[[ Input data open ]]

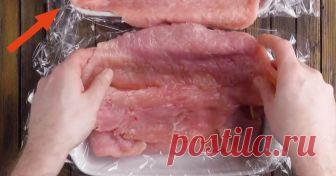 Складываем в форму 4 кг мяса. Дальше будет только интереснее! Вкуснейший гигант.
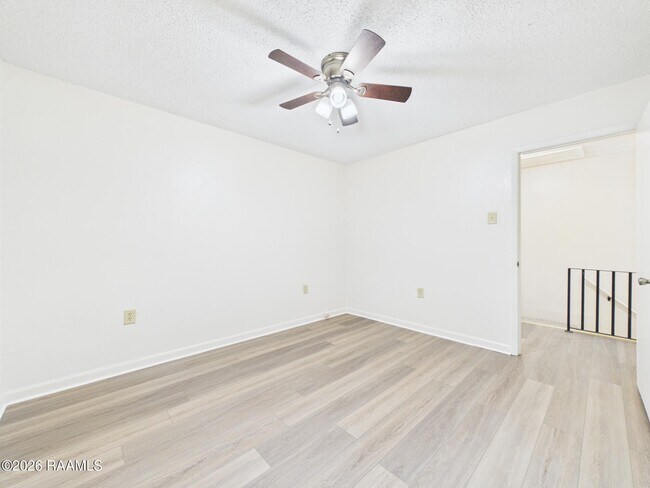 Building Photo - 809 Fox Run Ave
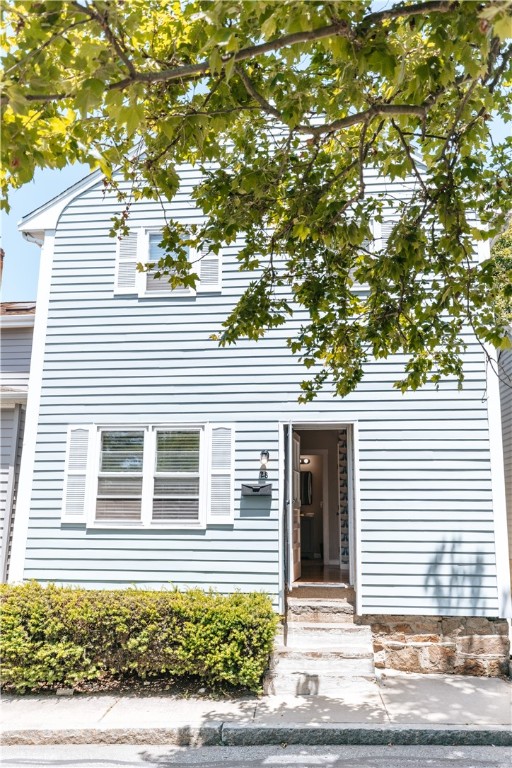 28 Dixon Street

[[ Input data closed ]]

_Exercise prompt_
Could you print the data exactly as it appears and keep the pictures out?

_Solution_
 Складываем в форму 4 кг мяса. Дальше будет только интереснее! Вкуснейший гигант.
 Building Photo - 809 Fox Run Ave
 28 Dixon Street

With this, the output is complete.